> Your task: Copy out all lines of the records in which the word "more" appears.

[Exercise data — start]

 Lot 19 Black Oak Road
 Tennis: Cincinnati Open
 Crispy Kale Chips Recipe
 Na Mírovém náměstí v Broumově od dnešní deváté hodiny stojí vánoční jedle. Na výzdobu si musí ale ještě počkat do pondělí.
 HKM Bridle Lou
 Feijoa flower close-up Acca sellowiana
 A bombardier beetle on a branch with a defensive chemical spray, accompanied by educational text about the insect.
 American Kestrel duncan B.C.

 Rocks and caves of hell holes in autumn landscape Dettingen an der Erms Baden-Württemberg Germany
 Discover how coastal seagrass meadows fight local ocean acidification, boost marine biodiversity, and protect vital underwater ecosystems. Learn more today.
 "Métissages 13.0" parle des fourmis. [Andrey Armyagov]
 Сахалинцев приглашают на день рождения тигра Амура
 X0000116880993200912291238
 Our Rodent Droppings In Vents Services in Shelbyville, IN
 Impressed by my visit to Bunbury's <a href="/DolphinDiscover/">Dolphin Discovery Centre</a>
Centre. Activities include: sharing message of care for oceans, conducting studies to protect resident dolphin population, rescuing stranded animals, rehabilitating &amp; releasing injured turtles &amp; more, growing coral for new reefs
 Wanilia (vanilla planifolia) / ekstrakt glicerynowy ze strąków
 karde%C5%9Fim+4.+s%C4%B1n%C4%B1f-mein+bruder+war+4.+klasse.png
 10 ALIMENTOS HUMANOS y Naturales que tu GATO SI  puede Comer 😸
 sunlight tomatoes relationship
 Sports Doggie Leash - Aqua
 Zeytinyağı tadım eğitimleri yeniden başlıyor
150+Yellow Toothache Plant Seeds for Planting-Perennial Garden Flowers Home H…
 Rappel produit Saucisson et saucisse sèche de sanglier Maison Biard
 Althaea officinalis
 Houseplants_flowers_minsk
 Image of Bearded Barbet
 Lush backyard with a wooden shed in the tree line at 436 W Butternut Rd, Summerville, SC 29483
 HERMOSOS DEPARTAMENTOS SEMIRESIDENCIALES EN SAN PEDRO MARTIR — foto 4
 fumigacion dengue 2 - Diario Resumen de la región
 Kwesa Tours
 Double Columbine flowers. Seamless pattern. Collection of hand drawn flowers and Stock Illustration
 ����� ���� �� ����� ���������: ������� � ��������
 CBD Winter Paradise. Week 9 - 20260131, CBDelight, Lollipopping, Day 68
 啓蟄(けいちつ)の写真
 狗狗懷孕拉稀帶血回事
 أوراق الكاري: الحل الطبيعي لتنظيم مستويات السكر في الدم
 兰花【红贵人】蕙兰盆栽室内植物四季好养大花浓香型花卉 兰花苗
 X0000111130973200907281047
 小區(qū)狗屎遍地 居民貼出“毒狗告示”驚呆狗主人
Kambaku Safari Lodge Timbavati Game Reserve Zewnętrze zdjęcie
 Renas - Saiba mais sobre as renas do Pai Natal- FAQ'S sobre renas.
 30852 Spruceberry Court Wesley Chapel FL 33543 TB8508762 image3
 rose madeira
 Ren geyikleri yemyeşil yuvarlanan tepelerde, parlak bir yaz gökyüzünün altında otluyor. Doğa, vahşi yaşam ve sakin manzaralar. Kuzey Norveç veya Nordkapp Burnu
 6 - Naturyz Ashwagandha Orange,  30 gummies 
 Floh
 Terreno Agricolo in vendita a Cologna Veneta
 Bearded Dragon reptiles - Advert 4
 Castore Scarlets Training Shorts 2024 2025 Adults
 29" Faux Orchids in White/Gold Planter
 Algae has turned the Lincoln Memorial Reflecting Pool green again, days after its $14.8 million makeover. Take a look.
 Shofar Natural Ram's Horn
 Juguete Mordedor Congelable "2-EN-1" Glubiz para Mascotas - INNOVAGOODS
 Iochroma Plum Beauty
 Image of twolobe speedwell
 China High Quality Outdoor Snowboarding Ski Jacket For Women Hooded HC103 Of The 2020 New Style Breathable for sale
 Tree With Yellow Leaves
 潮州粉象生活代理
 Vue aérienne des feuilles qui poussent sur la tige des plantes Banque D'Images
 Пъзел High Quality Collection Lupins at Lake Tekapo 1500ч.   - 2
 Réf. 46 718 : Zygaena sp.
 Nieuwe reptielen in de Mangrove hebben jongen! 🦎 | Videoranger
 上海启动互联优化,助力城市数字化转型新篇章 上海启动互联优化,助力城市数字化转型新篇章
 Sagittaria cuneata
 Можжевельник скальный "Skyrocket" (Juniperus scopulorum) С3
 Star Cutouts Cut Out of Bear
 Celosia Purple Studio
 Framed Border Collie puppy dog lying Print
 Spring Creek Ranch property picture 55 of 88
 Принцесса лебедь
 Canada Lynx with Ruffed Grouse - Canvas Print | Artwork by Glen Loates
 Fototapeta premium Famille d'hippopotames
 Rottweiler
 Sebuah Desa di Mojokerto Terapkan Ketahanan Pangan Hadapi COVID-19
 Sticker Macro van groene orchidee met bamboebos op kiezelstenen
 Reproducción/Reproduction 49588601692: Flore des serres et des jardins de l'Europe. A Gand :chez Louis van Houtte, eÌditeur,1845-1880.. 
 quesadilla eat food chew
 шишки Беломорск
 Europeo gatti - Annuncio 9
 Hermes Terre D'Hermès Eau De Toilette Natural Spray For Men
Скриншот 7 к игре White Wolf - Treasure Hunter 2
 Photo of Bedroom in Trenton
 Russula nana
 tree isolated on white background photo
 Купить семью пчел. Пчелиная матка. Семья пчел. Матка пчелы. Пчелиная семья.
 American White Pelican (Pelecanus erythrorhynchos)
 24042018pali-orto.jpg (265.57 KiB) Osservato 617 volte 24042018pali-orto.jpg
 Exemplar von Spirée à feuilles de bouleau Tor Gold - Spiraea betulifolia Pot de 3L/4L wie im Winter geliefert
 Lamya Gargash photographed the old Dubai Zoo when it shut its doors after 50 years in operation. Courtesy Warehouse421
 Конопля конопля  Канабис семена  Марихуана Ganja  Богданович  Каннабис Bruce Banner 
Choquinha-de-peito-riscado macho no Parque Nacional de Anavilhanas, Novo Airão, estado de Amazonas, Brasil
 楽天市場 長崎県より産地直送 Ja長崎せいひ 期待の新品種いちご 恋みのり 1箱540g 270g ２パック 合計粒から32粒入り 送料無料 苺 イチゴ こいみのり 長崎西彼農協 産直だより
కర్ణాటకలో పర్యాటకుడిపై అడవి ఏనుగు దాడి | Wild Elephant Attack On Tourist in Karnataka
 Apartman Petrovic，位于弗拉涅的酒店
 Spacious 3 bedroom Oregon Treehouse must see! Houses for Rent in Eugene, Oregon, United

[Exercise data — finish]

> Answer section:
 Discover how coastal seagrass meadows fight local ocean acidification, boost marine biodiversity, and protect vital underwater ecosystems. Learn more today.
Centre. Activities include: sharing message of care for oceans, conducting studies to protect resident dolphin population, rescuing stranded animals, rehabilitating &amp; releasing injured turtles &amp; more, growing coral for new reefs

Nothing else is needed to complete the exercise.